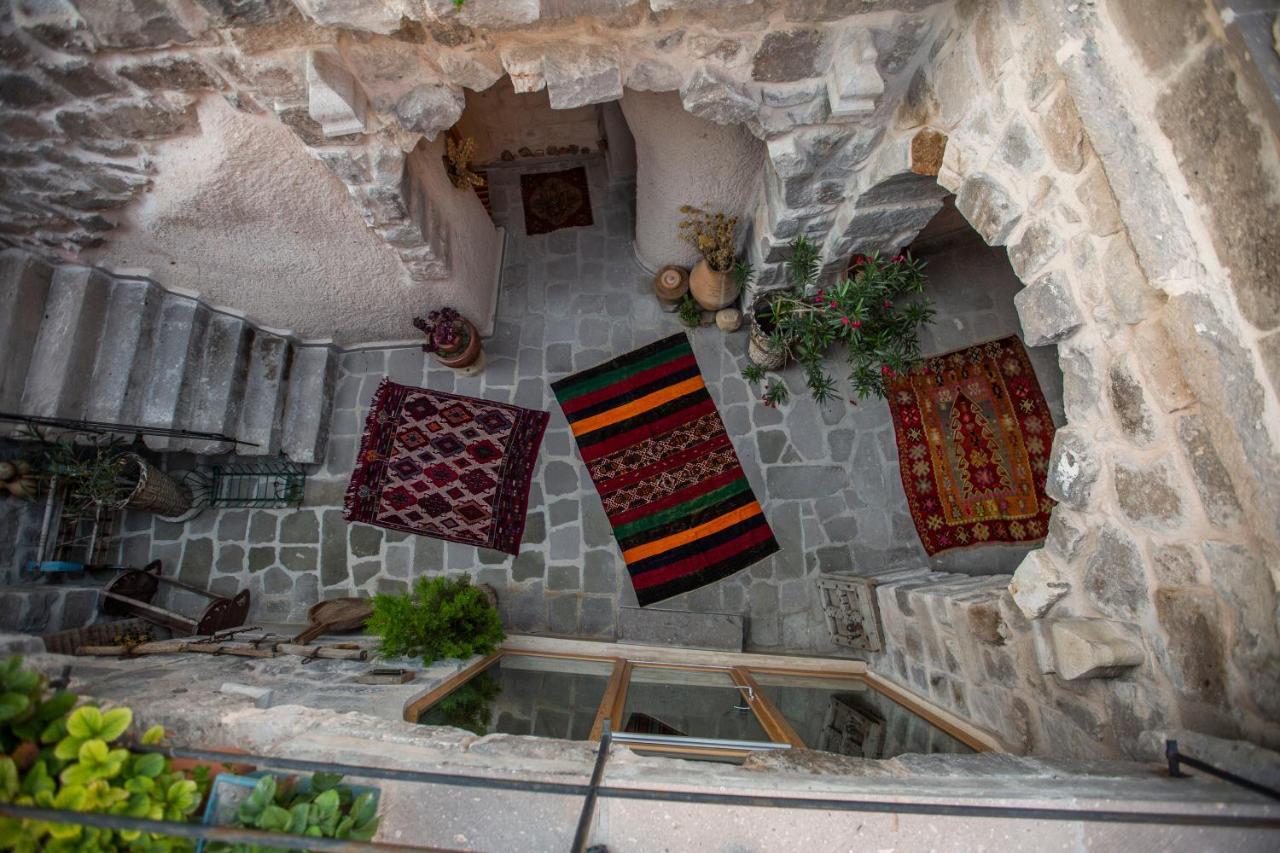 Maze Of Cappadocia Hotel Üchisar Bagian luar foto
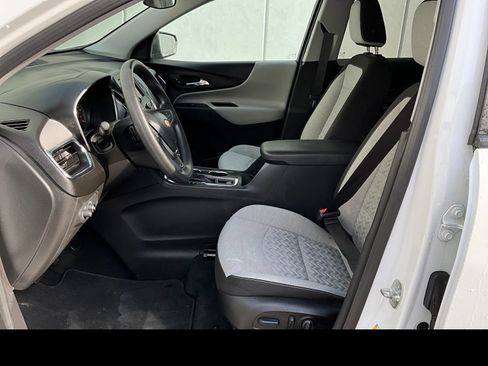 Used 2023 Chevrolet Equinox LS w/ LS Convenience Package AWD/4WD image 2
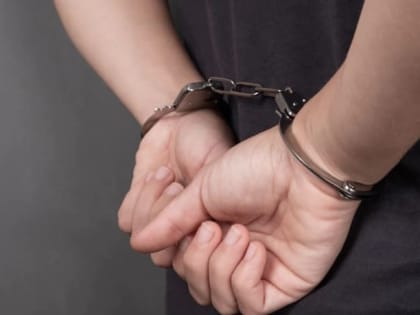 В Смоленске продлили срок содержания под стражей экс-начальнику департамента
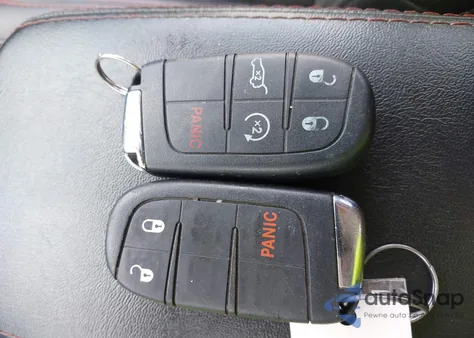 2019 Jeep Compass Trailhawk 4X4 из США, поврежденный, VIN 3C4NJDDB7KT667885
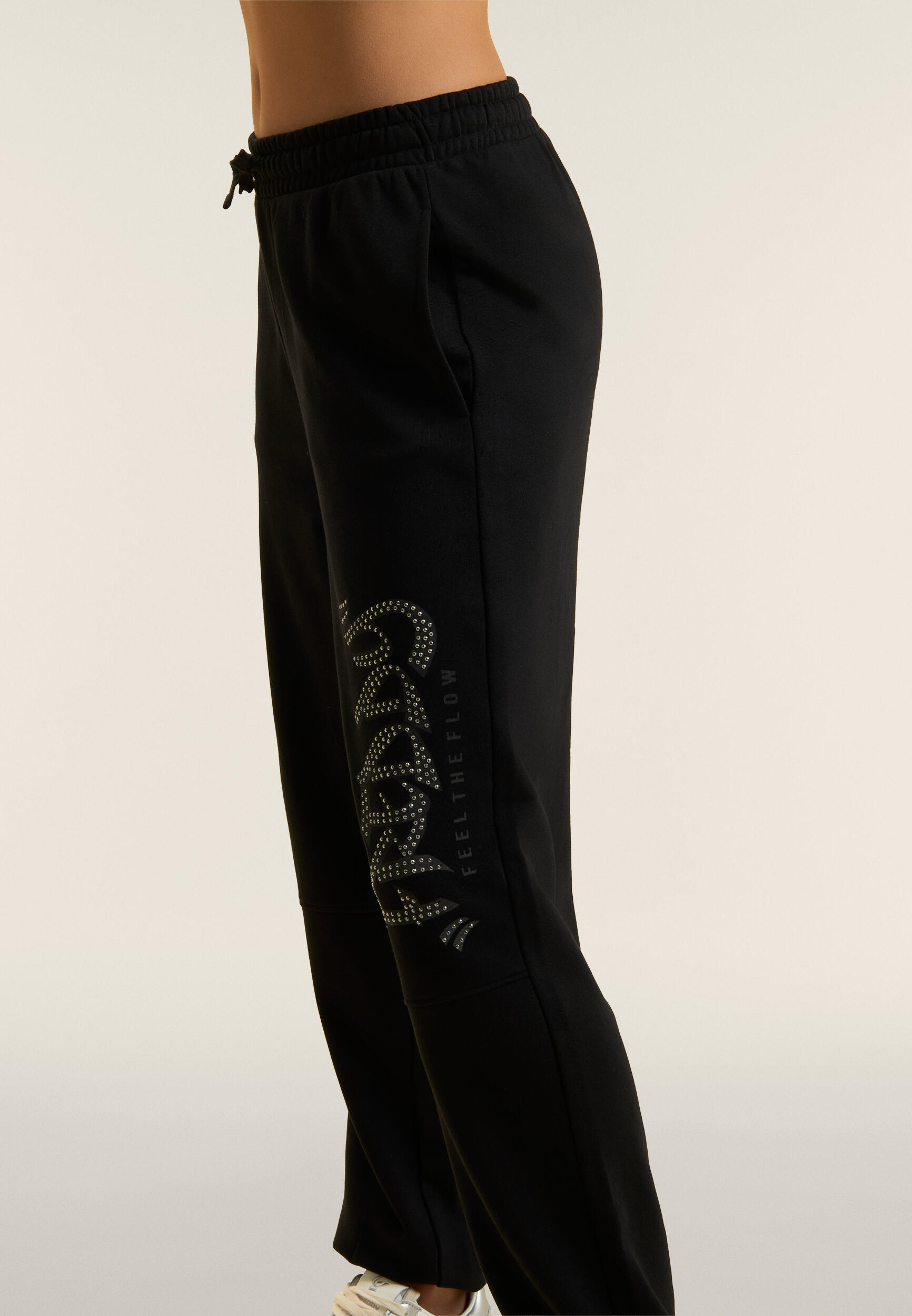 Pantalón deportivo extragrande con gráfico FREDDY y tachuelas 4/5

-- REQUIREMENT --
I would like you to set down the lines above, from the one containing "Used 2023 Chevrolet" to the final line, exactly as written and without pictures.

-- ANSWER TO THIS TASK --
 Used 2023 Chevrolet Equinox LS w/ LS Convenience Package AWD/4WD image 2
 В Смоленске продлили срок содержания под стражей экс-начальнику департамента
 2019 Jeep Compass Trailhawk 4X4 из США, поврежденный, VIN 3C4NJDDB7KT667885
 Pantalón deportivo extragrande con gráfico FREDDY y tachuelas 4/5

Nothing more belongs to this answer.